▶ [TASK TO CARRY OUT]:
With the pictures left out, output the records below exactly.

▶ [EXTRACTED DATA]:
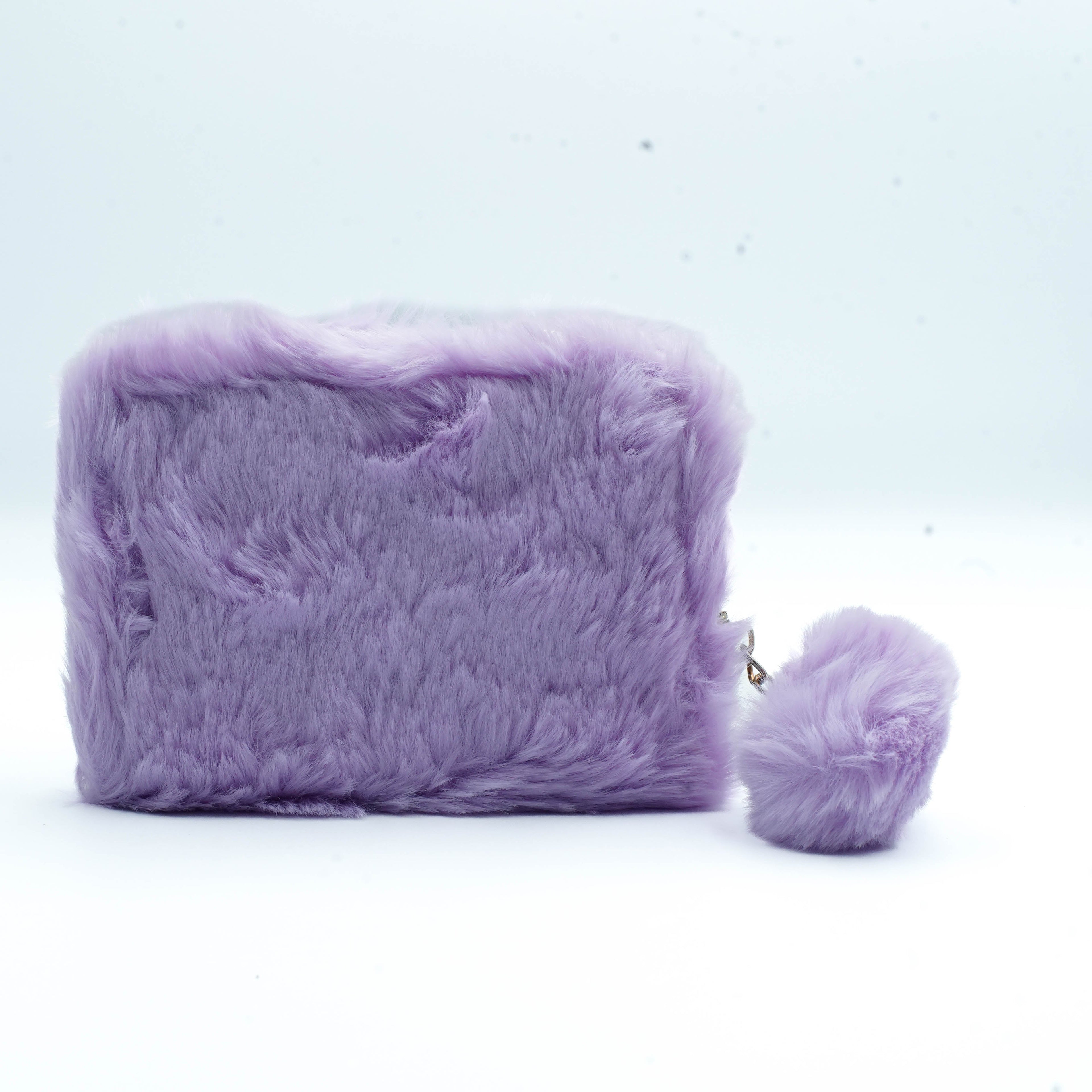 Purple Fluff Clutch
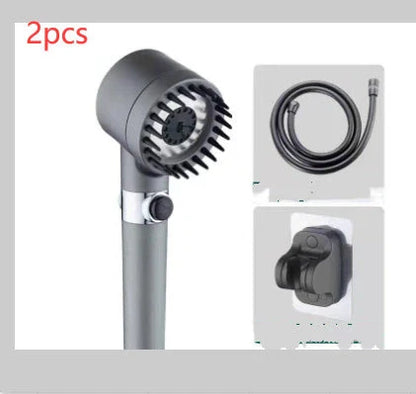 Premium 3-mode high-pressure shower head with detachable filter, made of durable ABS material for a relaxing and refreshing shower experience.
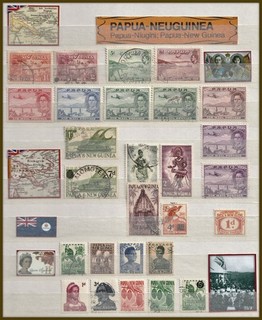 Britische Kolonien Papua Neuguinea tolle Sammlung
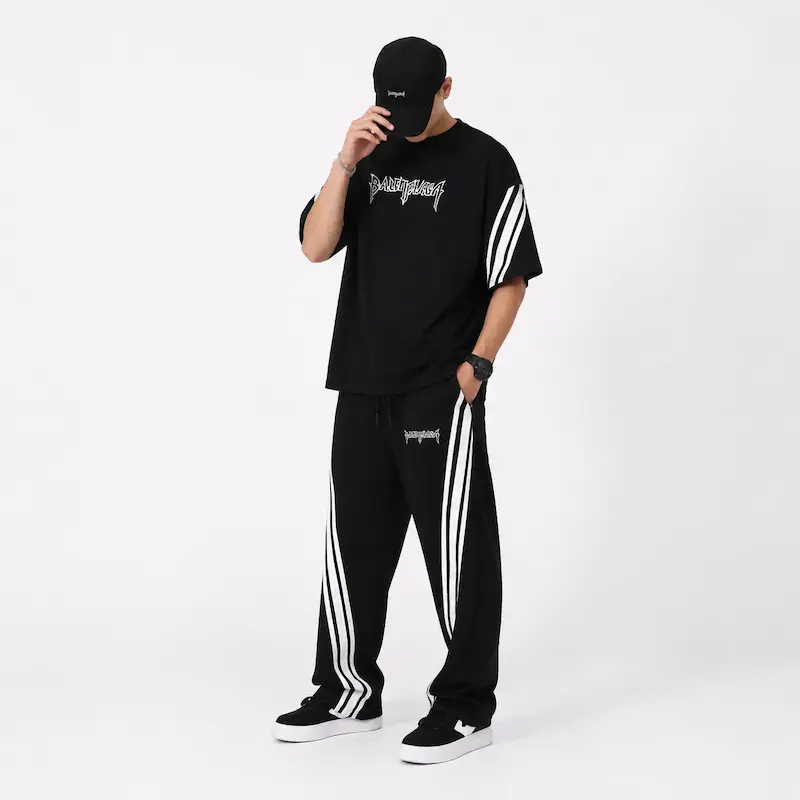 ست تیشرت شلوار مردانه نخ پنبه مدل HIVA-Balenciaga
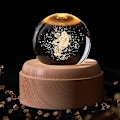 Miniatyrbild 2 av 4: Music Box 3d Crystal Music Boxes , Luminous Rotating Ball Musical Box Dimmable style 3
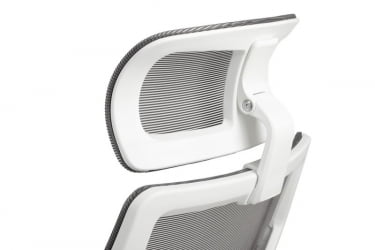 Кресло Оливер РCХ В-203АC Белый пластик/Серый / Oliver RCH W-203AC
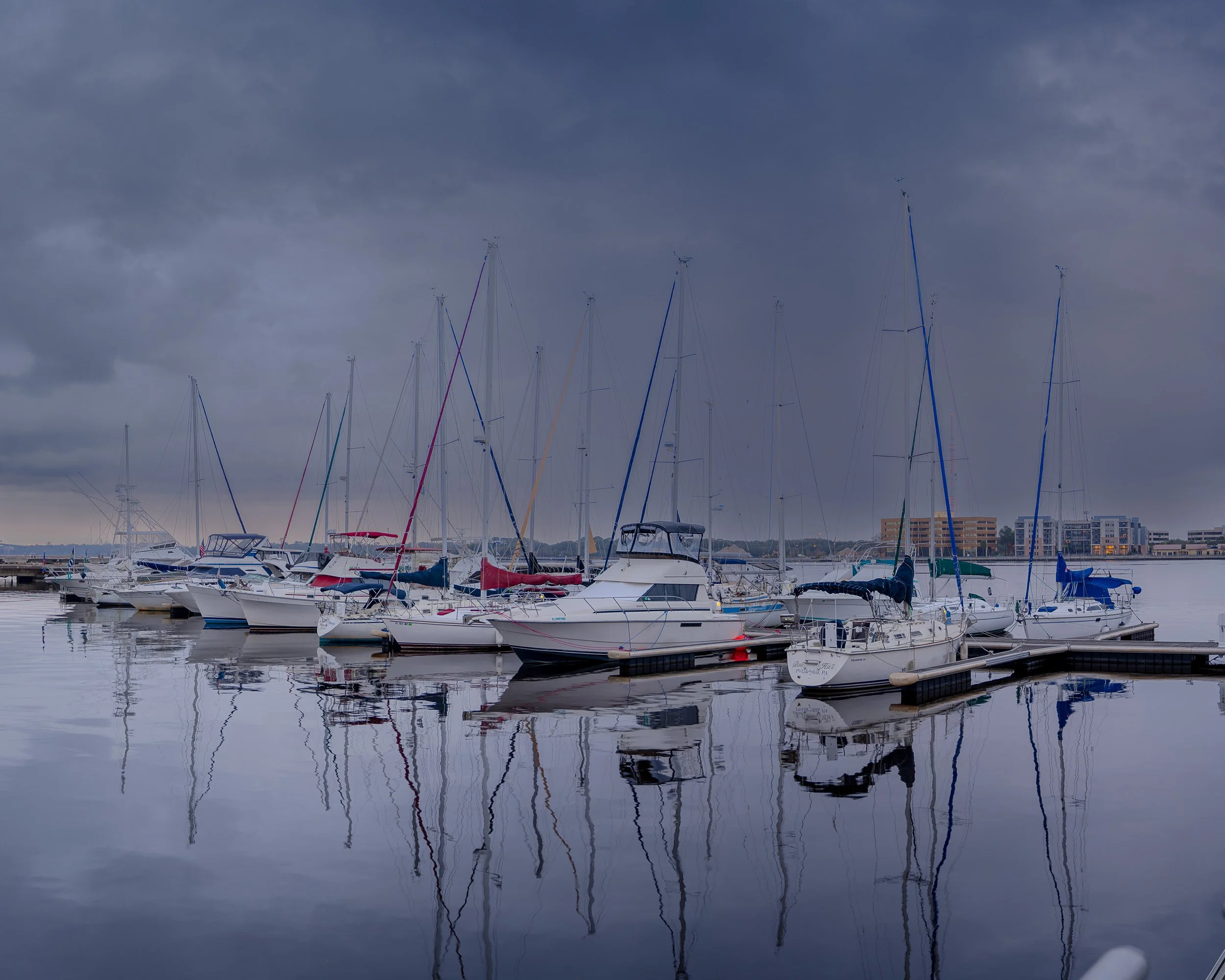 Early morning in the Marina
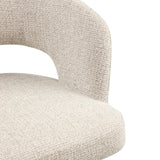 Eetkamerstoel Blanca natural fancy fire retardant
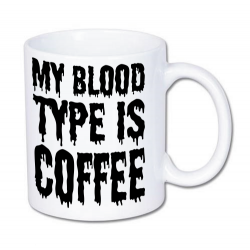 kubek z śmiesznym nadrukiem na kawę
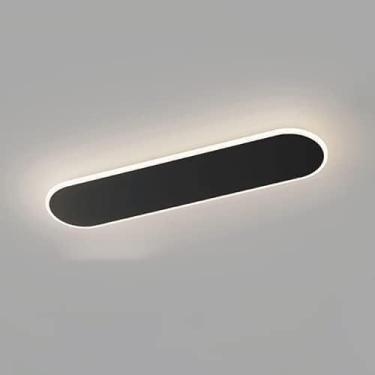 Imagem de Luminárias de teto embutidas LED lineares de decoração moderna Branco Minimalista Tira longa Barra de luz de teto regulável Barra de luz de teto dourada para corredor Lâmpada de teto preta d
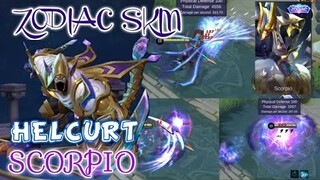 HELCURT ZODIAC SCORPIO SKIN | MOBILE LEGENDS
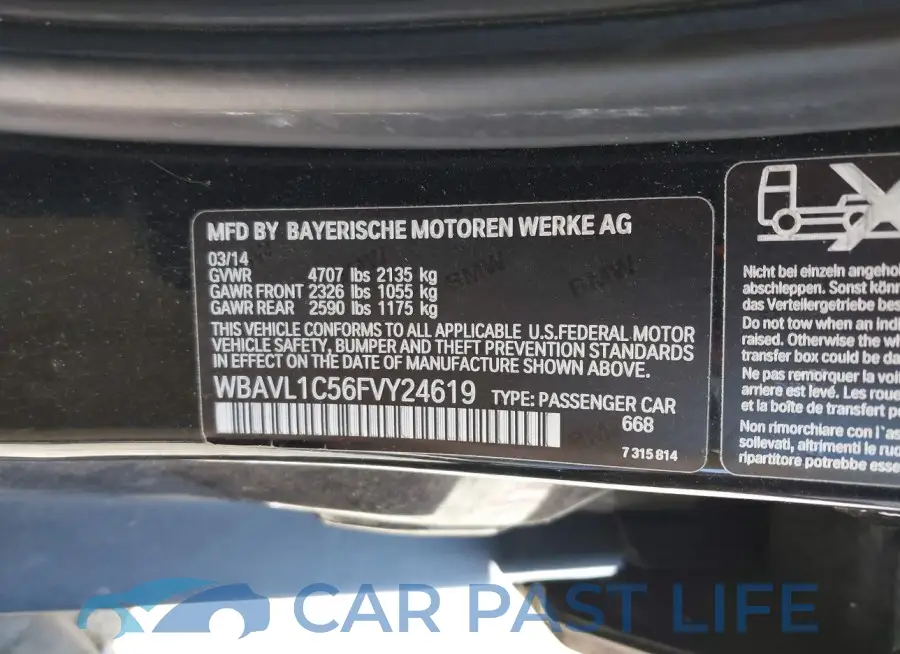 WBAVL1C56FVY24619# 9
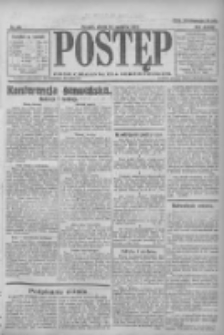 Postęp: pismo codzienne dla rodzin polskich 1922.04.14 R.33 Nr85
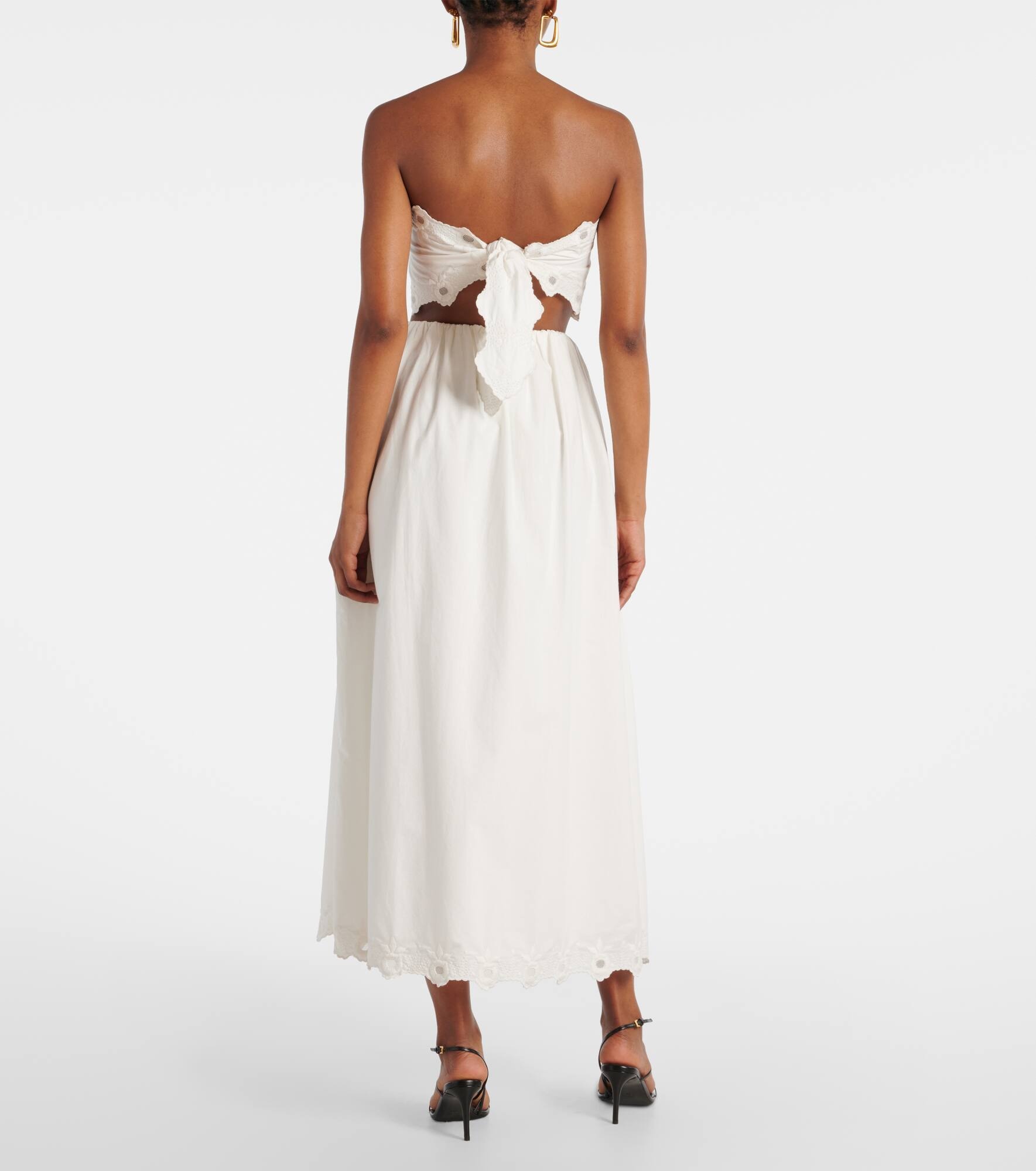 Antoinette embroidered cotton maxi skirt - 3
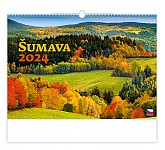 Nástěnný kalendář 2024 Kalendář Šumava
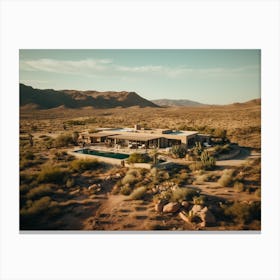 Desert Home Canvas Print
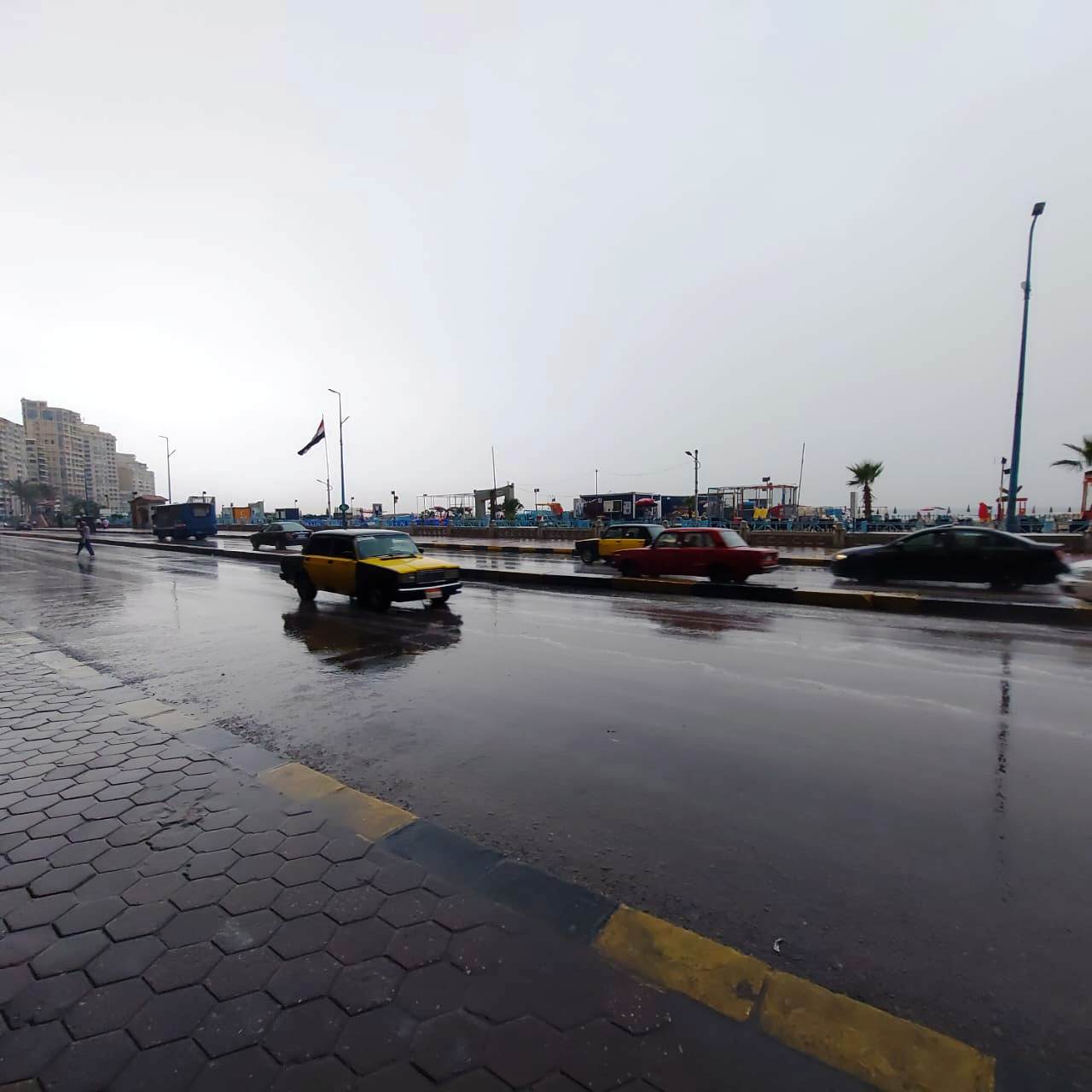 هطول أمطار غزيرة شرق الإسكندرية مع نشاط فى حركة الرياح (9)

▶ [SOLUTION FOR THIS EXERCISE]:
 Purple Fluff Clutch
 Premium 3-mode high-pressure shower head with detachable filter, made of durable ABS material for a relaxing and refreshing shower experience.
 Britische Kolonien Papua Neuguinea tolle Sammlung
 ست تیشرت شلوار مردانه نخ پنبه مدل HIVA-Balenciaga
 Miniatyrbild 2 av 4: Music Box 3d Crystal Music Boxes , Luminous Rotating Ball Musical Box Dimmable style 3
 Кресло Оливер РCХ В-203АC Белый пластик/Серый / Oliver RCH W-203AC
 Early morning in the Marina
 Eetkamerstoel Blanca natural fancy fire retardant
 kubek z śmiesznym nadrukiem na kawę
 Imagem de Luminárias de teto embutidas LED lineares de decoração moderna Branco Minimalista Tira longa Barra de luz de teto regulável Barra de luz de teto dourada para corredor Lâmpada de teto preta d
 HELCURT ZODIAC SCORPIO SKIN | MOBILE LEGENDS
 WBAVL1C56FVY24619# 9
 Postęp: pismo codzienne dla rodzin polskich 1922.04.14 R.33 Nr85
 Antoinette embroidered cotton maxi skirt - 3
 Nástěnný kalendář 2024 Kalendář Šumava
 Desert Home Canvas Print
 هطول أمطار غزيرة شرق الإسكندرية مع نشاط فى حركة الرياح (9)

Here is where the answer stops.